- [Task directions]
Could you copy the data that follows exactly as written, but drop the pictures?

- [Source material]
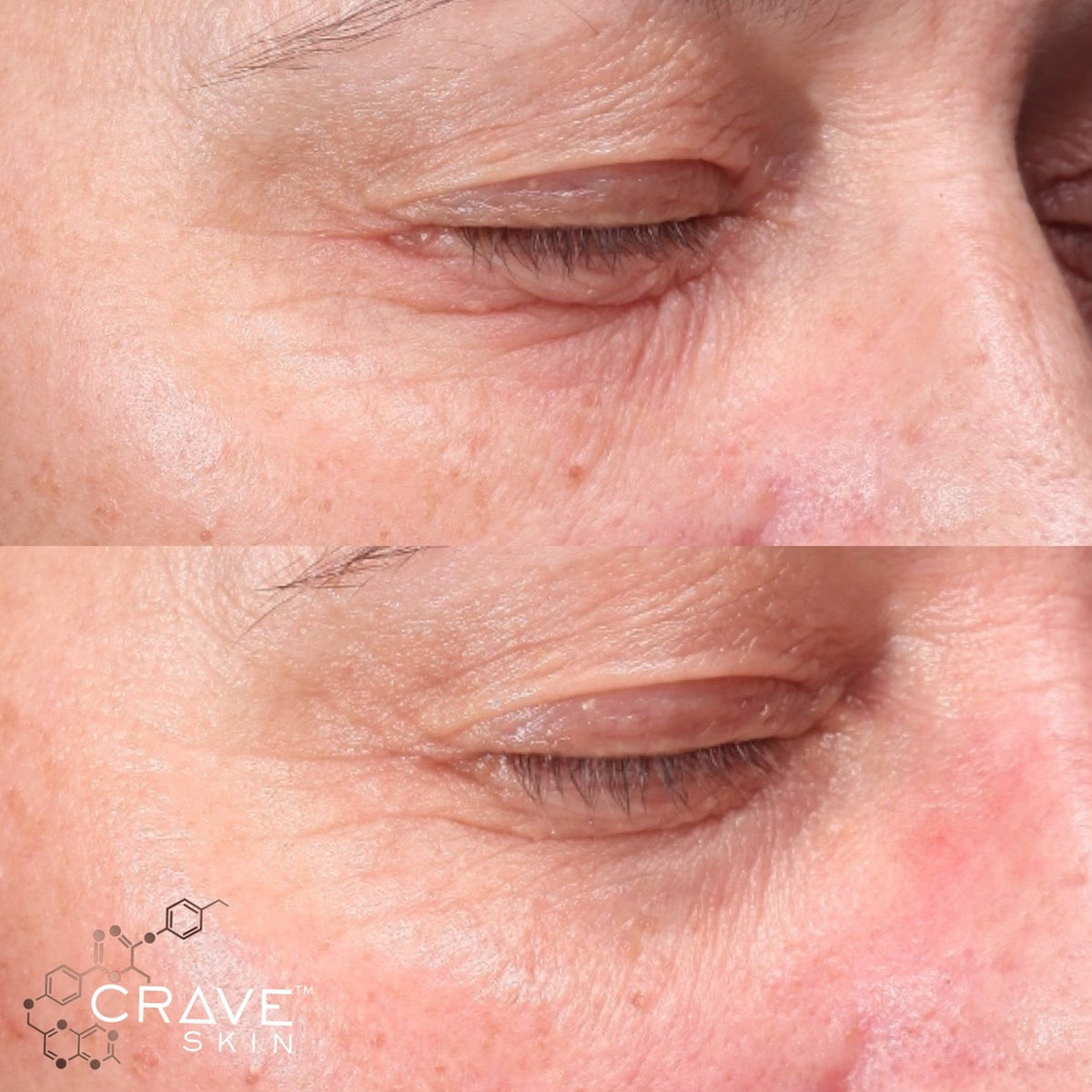 crave skin clinical results subject15 Seen improvement in texture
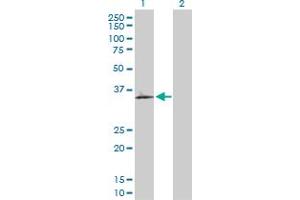 Western Blot analysis of OLR1 expression in transfected 293T cell line by OLR1 MaxPab polyclonal antibody. (OLR1 antibody  (AA 1-273))
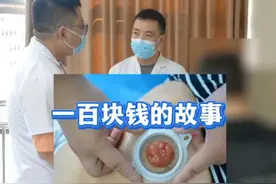 一百块钱的故事！！！ #肠穿孔手术 #结肠穿孔 #肠造瘘  #健康科普 @抖音短视频 @DOU+小助手视频封面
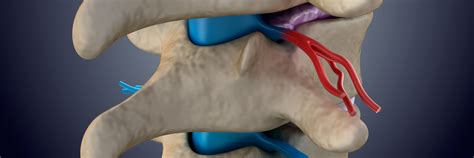 Anterior Cervical Discectomy and Fusion (ACDF) Surgery - UVNN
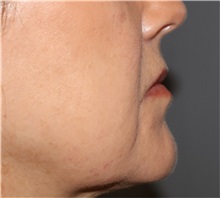 Dermal Fillers Before Photo by Ellen Mahony, MD; Westport, CT - Case 50922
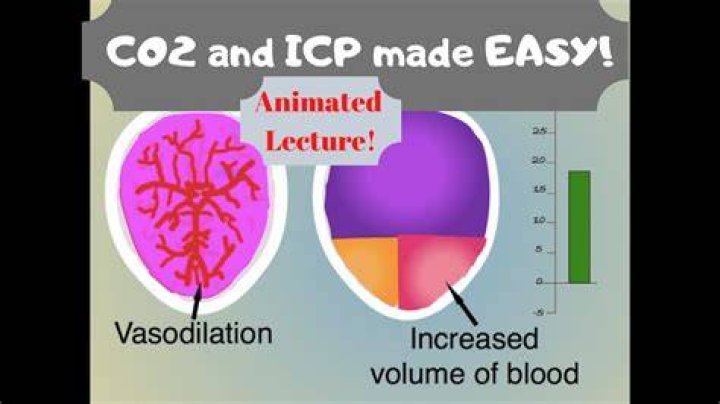Will carbon dioxide cause vasodilation?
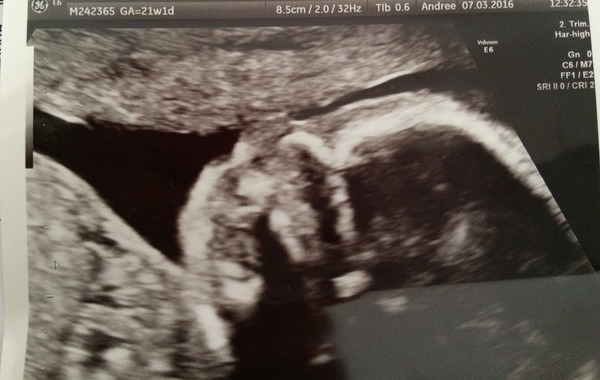 Anyone ttc baby #2 continued?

- [Finished exercise]
 crave skin clinical results subject15 Seen improvement in texture
 Western Blot analysis of OLR1 expression in transfected 293T cell line by OLR1 MaxPab polyclonal antibody. (OLR1 antibody  (AA 1-273))
 一百块钱的故事！！！ #肠穿孔手术 #结肠穿孔 #肠造瘘  #健康科普 @抖音短视频 @DOU+小助手视频封面
 Anterior Cervical Discectomy and Fusion (ACDF) Surgery - UVNN
 Dermal Fillers Before Photo by Ellen Mahony, MD; Westport, CT - Case 50922
Will carbon dioxide cause vasodilation?
 Anyone ttc baby #2 continued?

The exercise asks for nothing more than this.